WORK INSTRUCTION -> The answer is every line of the records that holds the word "black", copied in full.

++++++

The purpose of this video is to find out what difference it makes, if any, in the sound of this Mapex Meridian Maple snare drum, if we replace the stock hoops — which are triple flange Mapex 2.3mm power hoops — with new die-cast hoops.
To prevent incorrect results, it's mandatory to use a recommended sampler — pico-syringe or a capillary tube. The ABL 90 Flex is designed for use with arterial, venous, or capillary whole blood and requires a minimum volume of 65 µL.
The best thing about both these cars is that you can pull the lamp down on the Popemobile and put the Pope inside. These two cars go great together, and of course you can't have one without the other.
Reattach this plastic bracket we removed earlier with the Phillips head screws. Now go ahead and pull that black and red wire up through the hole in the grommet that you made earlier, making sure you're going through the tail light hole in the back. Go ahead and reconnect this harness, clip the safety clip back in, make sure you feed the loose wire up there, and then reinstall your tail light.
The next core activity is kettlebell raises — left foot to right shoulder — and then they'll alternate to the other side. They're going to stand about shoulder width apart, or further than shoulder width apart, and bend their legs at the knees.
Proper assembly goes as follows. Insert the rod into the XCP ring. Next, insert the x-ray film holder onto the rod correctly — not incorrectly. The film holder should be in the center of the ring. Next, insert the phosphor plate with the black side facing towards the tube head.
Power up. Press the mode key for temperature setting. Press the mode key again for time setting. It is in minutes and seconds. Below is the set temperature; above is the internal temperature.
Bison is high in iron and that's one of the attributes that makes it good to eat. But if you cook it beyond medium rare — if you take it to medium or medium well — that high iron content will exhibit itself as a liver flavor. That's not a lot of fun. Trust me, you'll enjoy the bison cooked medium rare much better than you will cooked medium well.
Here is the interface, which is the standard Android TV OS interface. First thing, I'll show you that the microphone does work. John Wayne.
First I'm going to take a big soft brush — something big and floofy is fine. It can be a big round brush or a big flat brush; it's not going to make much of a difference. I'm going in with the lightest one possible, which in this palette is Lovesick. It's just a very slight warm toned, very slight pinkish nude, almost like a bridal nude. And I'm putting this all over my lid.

++++++

FINISHED TASK ->
Reattach this plastic bracket we removed earlier with the Phillips head screws. Now go ahead and pull that black and red wire up through the hole in the grommet that you made earlier, making sure you're going through the tail light hole in the back. Go ahead and reconnect this harness, clip the safety clip back in, make sure you feed the loose wire up there, and then reinstall your tail light.
Proper assembly goes as follows. Insert the rod into the XCP ring. Next, insert the x-ray film holder onto the rod correctly — not incorrectly. The film holder should be in the center of the ring. Next, insert the phosphor plate with the black side facing towards the tube head.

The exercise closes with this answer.